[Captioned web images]
________________
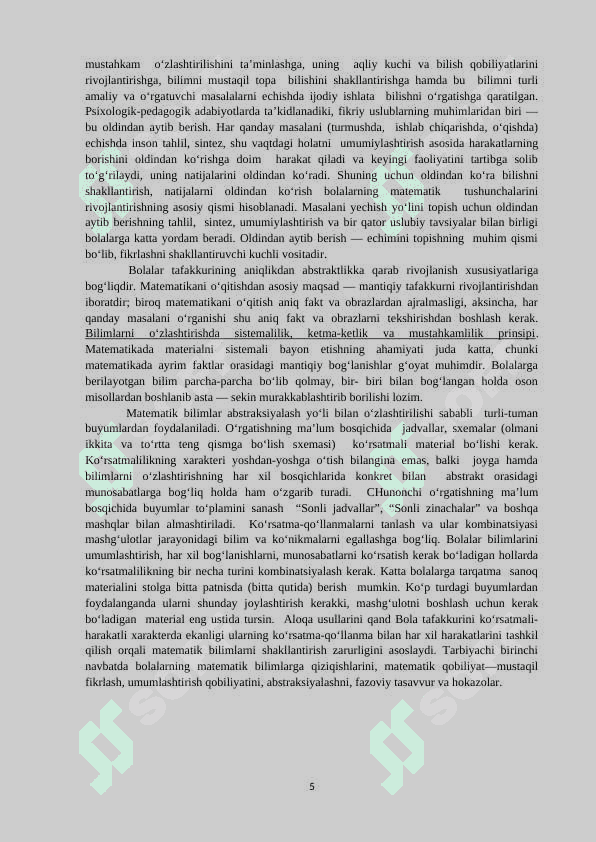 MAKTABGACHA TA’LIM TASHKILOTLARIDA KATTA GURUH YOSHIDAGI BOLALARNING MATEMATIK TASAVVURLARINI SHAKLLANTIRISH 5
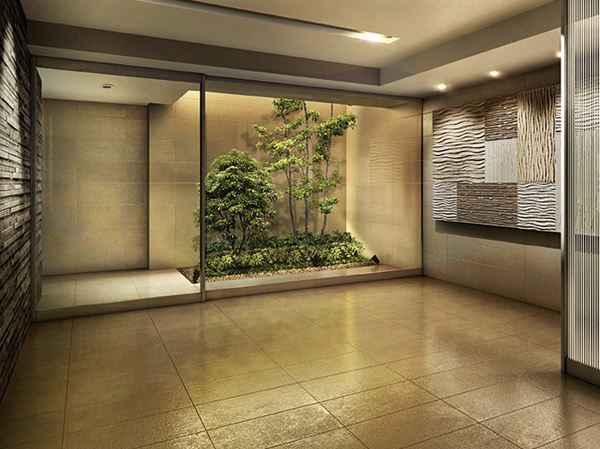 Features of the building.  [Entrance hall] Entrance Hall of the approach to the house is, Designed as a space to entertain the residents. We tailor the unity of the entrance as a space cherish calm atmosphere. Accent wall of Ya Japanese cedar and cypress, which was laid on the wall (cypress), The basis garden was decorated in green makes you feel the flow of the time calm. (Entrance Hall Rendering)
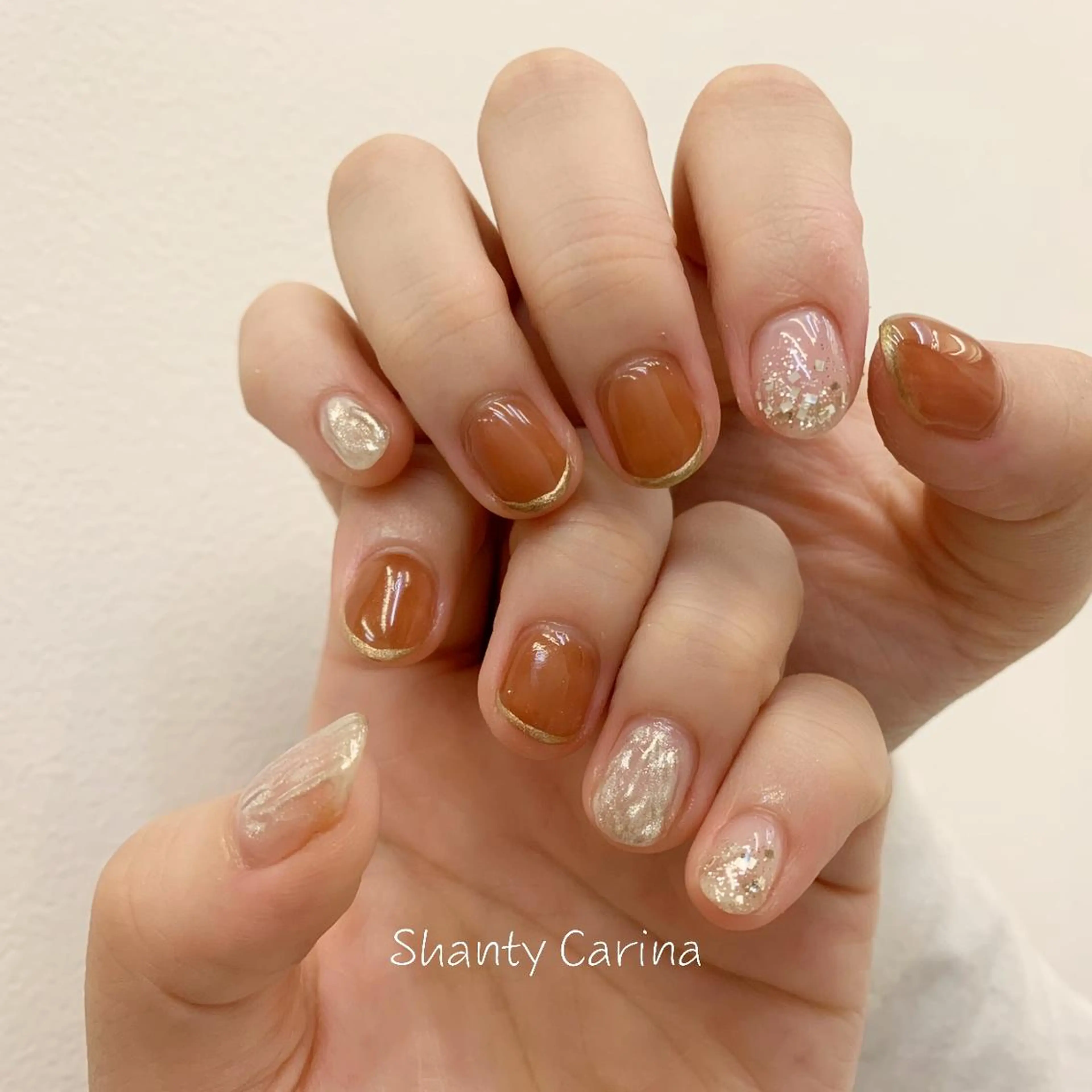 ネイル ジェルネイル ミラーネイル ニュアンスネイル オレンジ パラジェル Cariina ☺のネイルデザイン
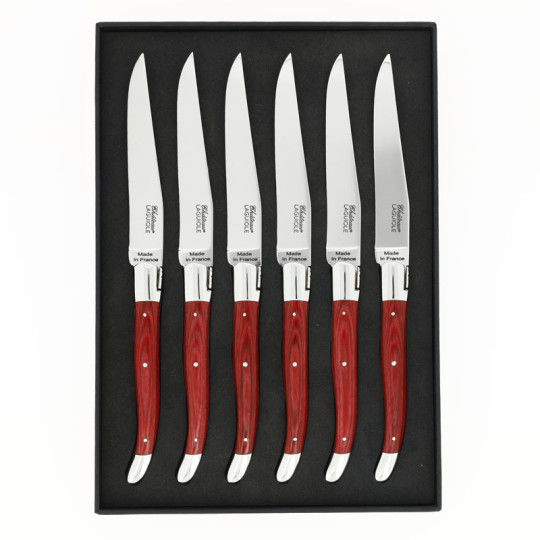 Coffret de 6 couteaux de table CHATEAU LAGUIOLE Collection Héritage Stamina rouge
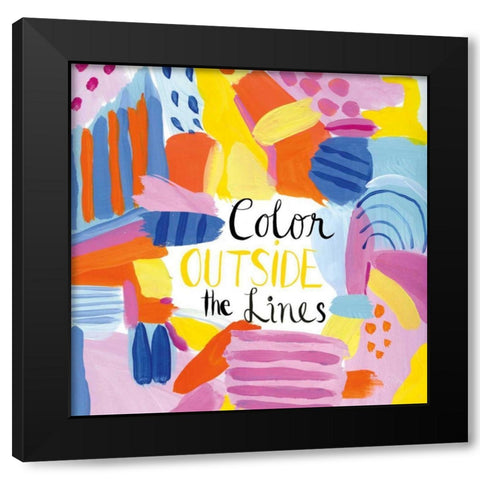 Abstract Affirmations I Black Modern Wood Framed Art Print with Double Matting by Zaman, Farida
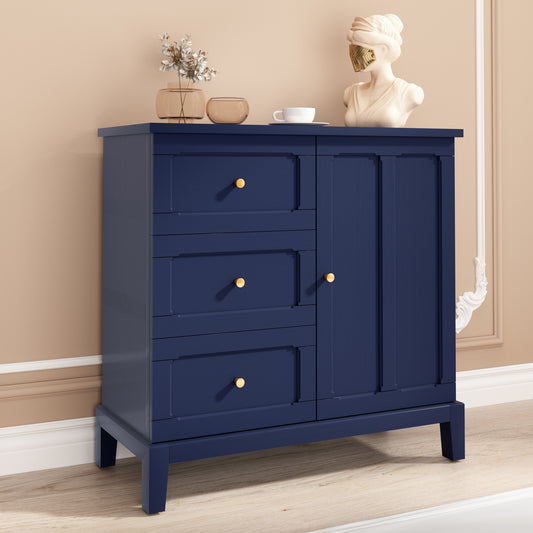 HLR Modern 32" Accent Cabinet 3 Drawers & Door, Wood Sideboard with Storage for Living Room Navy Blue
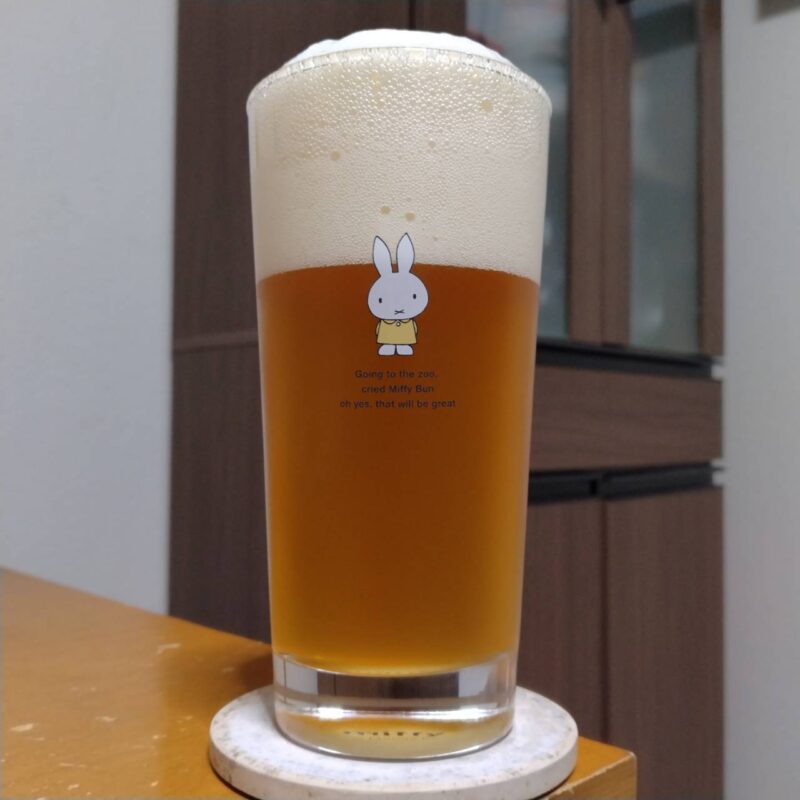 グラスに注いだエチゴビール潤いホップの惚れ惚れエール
________________
### WORK ITEM
Pictures aside, restate the entries word for word.

### WRITTEN SOLUTION
 MAKTABGACHA TA’LIM TASHKILOTLARIDA KATTA GURUH YOSHIDAGI BOLALARNING MATEMATIK TASAVVURLARINI SHAKLLANTIRISH 5
 Features of the building.  [Entrance hall] Entrance Hall of the approach to the house is, Designed as a space to entertain the residents. We tailor the unity of the entrance as a space cherish calm atmosphere. Accent wall of Ya Japanese cedar and cypress, which was laid on the wall (cypress), The basis garden was decorated in green makes you feel the flow of the time calm. (Entrance Hall Rendering)
 ネイル ジェルネイル ミラーネイル ニュアンスネイル オレンジ パラジェル Cariina ☺のネイルデザイン
 Coffret de 6 couteaux de table CHATEAU LAGUIOLE Collection Héritage Stamina rouge
 Abstract Affirmations I Black Modern Wood Framed Art Print with Double Matting by Zaman, Farida
 HLR Modern 32" Accent Cabinet 3 Drawers & Door, Wood Sideboard with Storage for Living Room Navy Blue
 グラスに注いだエチゴビール潤いホップの惚れ惚れエール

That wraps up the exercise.